Volkswagen plans to invest another $600 million in its Chattanooga assembly plant and hire another 2,000 workers to start making a sports utility vehicle by the end of 2016.

More than a third of that investment will initially come from state and local governments who agreed to pump more than $230 million of upfront tax dollars into the project to woo VW into expanding in Chattanooga rather than at its other major North American plant in Puebla, Mexico where labor costs are far lower.

Combined with other property tax breaks, TVA incentives, road projects and other potential tax credits, Volkswagen could qualify for more than $300 million of grants, credits and other government assistance over the next decade, Chattanooga Mayor Andy Berke said Monday.

Berke said the nearly $300 million incentive package that was leaked to the media earlier this year as part of the negotiations for VW's expansion was based on 1,350 jobs.

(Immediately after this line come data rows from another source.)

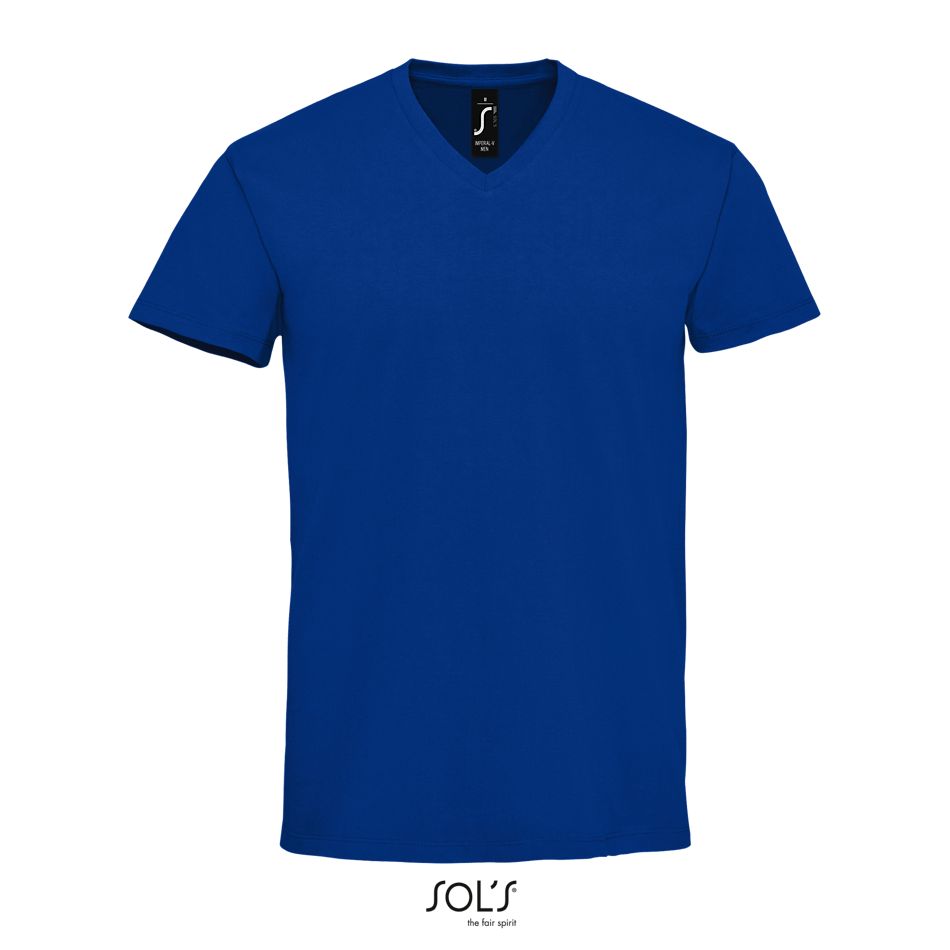 Camiseta De Hombre De Cuello De Pico SOL'S Imperial V MEN AZUL ROYAL
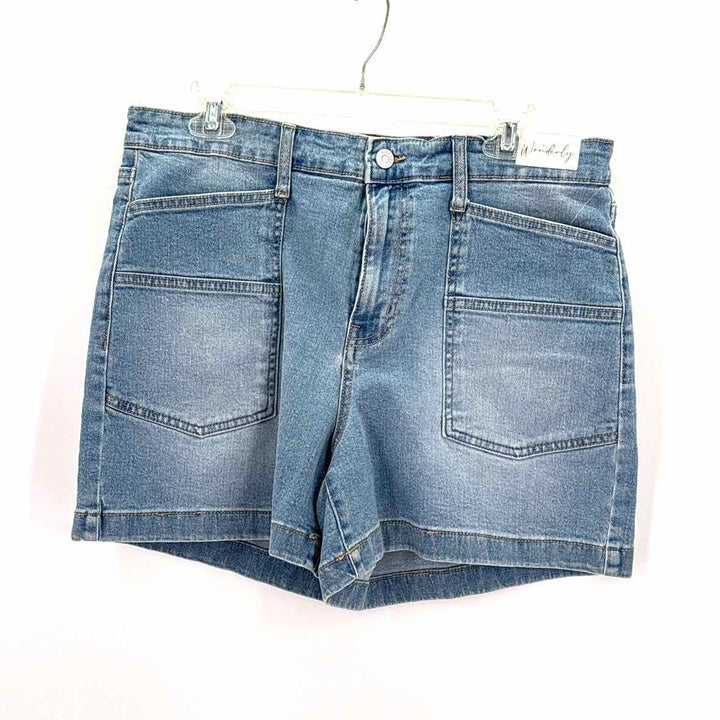 Size 12 WONDERLY Blue Denim Shorts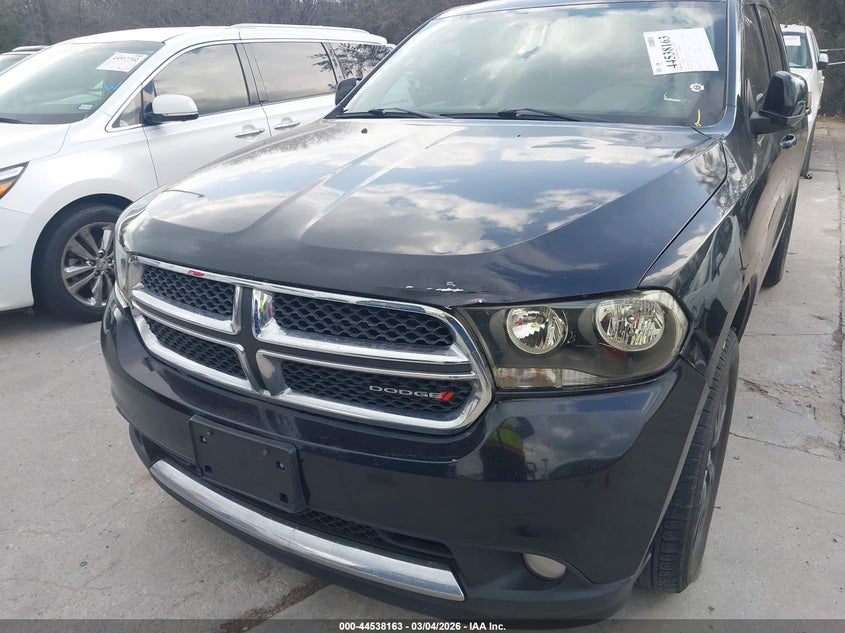 2012 Dodge Durango 5.7 Crew black Lot 111044538163 Vin 1C4SDHDTXCC260120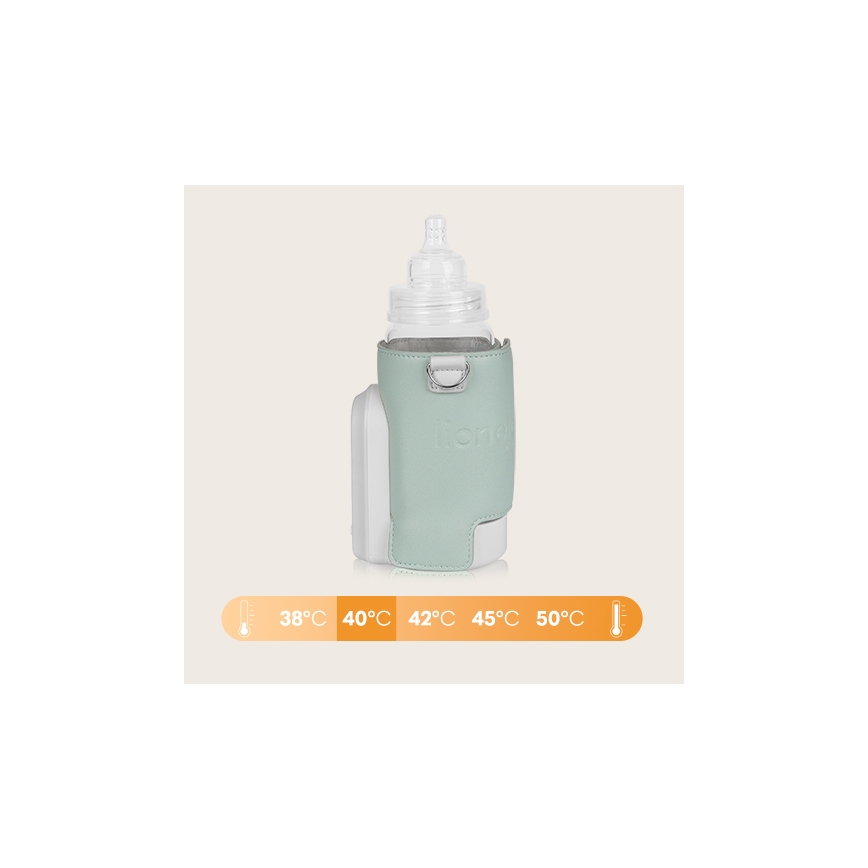 Lionelo - Laetav pudelisoojendi THERMUP GO EVO 18W/5V roheline/valge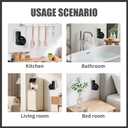 Wall Mount Holder Compatible with Echo Spot 2024, Outlet Mount with Hidden Cable Management, Space-Saving Shelf for Bedroom, Kitchen, Living Room, No-Drill Installation (White)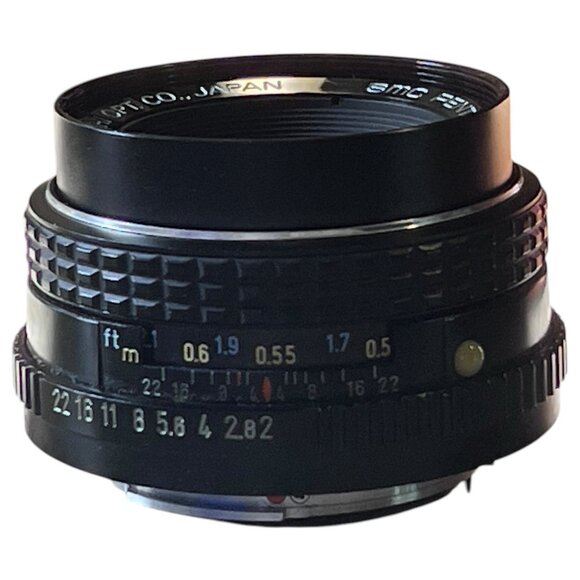 PENTAX SMC Pentax-M 50mm f/2 MF Prime Standard Lens K-mount - Picture 8 of 9
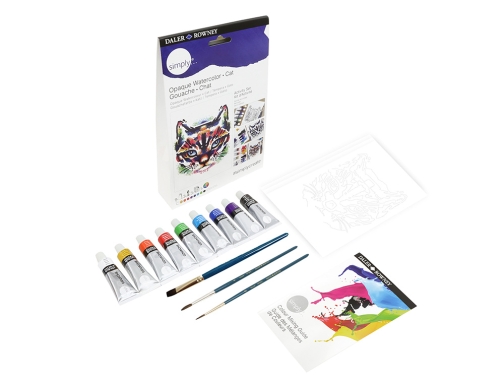 Set pintura gouache Daler rowney simply activity D126100112, imagen 3 mini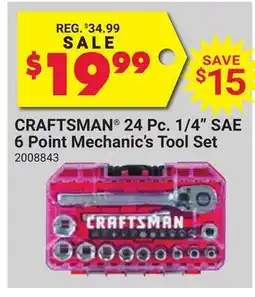 Ace Hardware CRAFTSMAN 24 Pc. 1/4 SAE 6 Point Mechanic's Tool Set offer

"Now we have 2,000," Berke said.

The latest incentives package comes on top of the $577 million of incentives offered to VW in 2008 from federal, state and local governments to initially convince the German auto maker to build in Chattanooga. The VW incentives are among the most generous government aid ever provided for an automotive plant in the United States.

For each full-time job Volkswagen has created so far in Chattanooga, the car maker has received more than $200,000 in credits, grants or infrastructure improvements paid for by government.

But if the latest VW investment follows the example of other Tennessee auto plants, the government aid package should pay off for the Volunteer State. Each VW job spurs the creation of even more supplier and spinoff jobs in the region.

"We've had three major auto assembly plants come to Tennessee and each one has ended up producing more jobs and income than what was originally projected," said Dr. William Fox, director of the University of Tennessee's Center for Business and Economic Research. "There is really no other business that has as big of an economic multiplier as do automobile plants because they not only directly employ so many workers, usually at above-average wages, but they also lure so many automotive suppliers and those suppliers bring their own secondary and tertiary supply networks."

"If you build it, the suppliers come," Fox said.

Six years ago today when VW first announced it would build an assembly plant in Chattanooga, Fox projected that the projected 2,000-employee plant would eventually bring 10,000 more jobs to Tennessee through the increased economic activity spurred by the $1 billion plant. A followup study two years ago found that VW's own employment was more than 2,500 and the plant helped create an estimated 12,400 jobs in the Chattanooga region through 17 suppliers and a host of other business created by the extra investment and income in the community.

Another 2,000-employee expansion with a whole new vehicle line could spur a similar job gain once again, Fox said. The Chattanooga Area Chamber of Commerce said the new jobs will swell VW's annual payroll in Chattanooga by more than $100 million and the new vehicle line is expected to draw many more automotive suppliers to the region.

Tennessee Gov. Bill Haslam said VW "has doubled down on its Chattanooga bet" with its decision to build its "CrossBlue" mid-sized SUV in Chattanooga. With its 200-employee research and development center, Volkswagen also will be working to potentially build other vehicles in Chattanooga in the future, Haslam said.

The newest incentive package outlined by the Tennessee Department of Economic and Community Development Monday doesn't include the job and industrial equipment tax credits offered to VW in its initial investment in Chattanooga. But state and local governments are providing more upfront investments to help with the startup of the plant addition.

photo Chattanooga Mayor Andy Berke tries out the driver's seat of the new Volkswagen SUV to be made in Chattanooga. Contributed photo from Andy Berke.

Tennessee House Majority Leader Gerald McCormick, R-Chattanooga, said the Legislature will ultimately have to approve the budget for the state incentives and some lawmakers are likely to raise questions about the cost of the government aid, especially since it took nearly a year to negotiate with Volkswagen.

According to documents obtains earlier this year by Nashville television station WTVF, Channel 5, the state offered to VW last summer $299.8 million in incentives, including $206.9 million in cash incentives, to bring the SUV line and headquarters or research facility to Chattanooga. That offer was pulled off the table at the end of January when talks stalled and VW agreed to conduct a union certification election for plant employees to vote on whether to join the United Auto Workers Union.

McCormick and other state lawmakers said earlier this year that the UAW representation of the VW plant may make in harder to convince the GOP-dominated Legislature to support such all of the VW incentives.

In February, VW workers voted 712-626 against joining the UAW, although the union has created a local unit to continue its organizing efforts at VW.

"We do need to get out there and sell it to our members because this is a lot of money and members do feel an obligation and responsibility to make sure that tax dollars are wisely spent," McCormick said. "I think it is a good investment and we will convince the Legislature of that because there are just so many ripple effects from this investment that will help so much of our state."

Beyond the thousands of new jobs for those hired, McCormick said nearly every Hamilton County homeowner should benefit by an increase in the value of their home as a result of Monday's announcement by VW.

Mark Arend, editor of Site Selection magazine, said the Volkswagen expansion is part of the continued Southern migration of automotive production in the United States.

"Most of the new assembly plants are in the Southeast and most of them come with some type of incentives package," he said.